In theory, you can run "pg_basebackup" just once (or once per major version upgrade) but then it will take longer and longer to do a restore, as it has to run through all the accumulated WAL since that backup. So it usually makes sense to do a new pg_basebackup periodically.

"The database" won't do it for you. There are a variety of backup tools out there that probably will (pg_barman, pgbackrest, pg_probackup, etc.). But you didn't mention using any of them.

pg_switch_wal() is not necessary as pg_basebackup does it for you.

pg_basebackup will archive the wal files if you set it to, but will only do so for WAL files which are generated during the duration of the base backup itself. This is suitable for a snapshot backup, but not for PITR. In other words, it will let you restore to the exact moment the backup command finished, but is not enough to let you restore to some point after that time. To backup WAL files at other times, you need to set the "archive_command" setting to something that will copy the files for you. (Also, if you have a valid "archive_command" in place before you start the basebackup, then the basebackup itself doesn't really need to backup the WAL in the first place. Then the base backup will not be self contained, you will have to pair it with the WAL archive in order to restore.)

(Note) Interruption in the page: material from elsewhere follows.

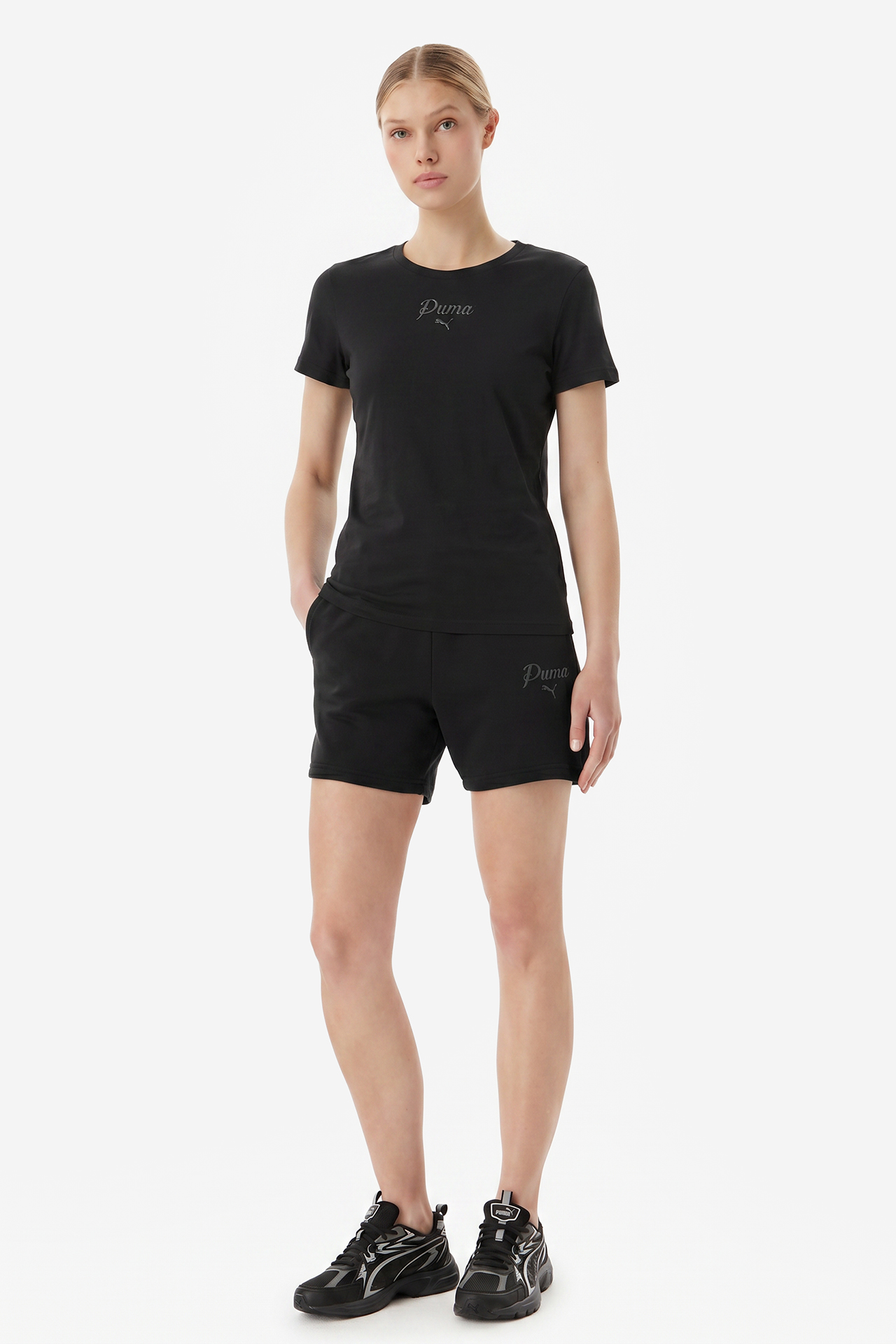 Spodenki PUMA 691762-01 Czarny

The tutorial you refer to shows a setting for "archive_command". However, the setting it shows is not bullet-proof. As the docs say, "this is an example, not a recommendation". It has two main problems. Once is that it does not fsync the copy before declaring success. That means the system can remove/recycle the WAL file from pg_wal, before the copy of it has been flushed to the disk drive; and so a crash at the wrong time can leave you with zero valid copies. The other problem is that it seems to be copying the file locally. That means that if your computer is destroyed, you will lose your backup at the same time as you lose your master copy. (It is possible that it is not copying locally, because /var/lib/postgresql/pg_log_archive might be a network mounted file-system; but if so then that exacerbates the fsync problem, how do you know the copy on the remote file system is truly safe?)

If you don't want to use "archive_command", then another tool is "pg_receivewal". You would run this on another server, and it will connect to your Postgresql instance and "pull" the wal files, rather than the "push" that "archive_command" does.

Yet another option is to set up a streaming standby on another server, set "archive_mode" to "always", and then have "archive_command" run on the standby, rather than on the master, to save your WAL files.

Context

StackExchange Database Administrators Q#250782, answer score: 4

Revisions (0)

No revisions yet.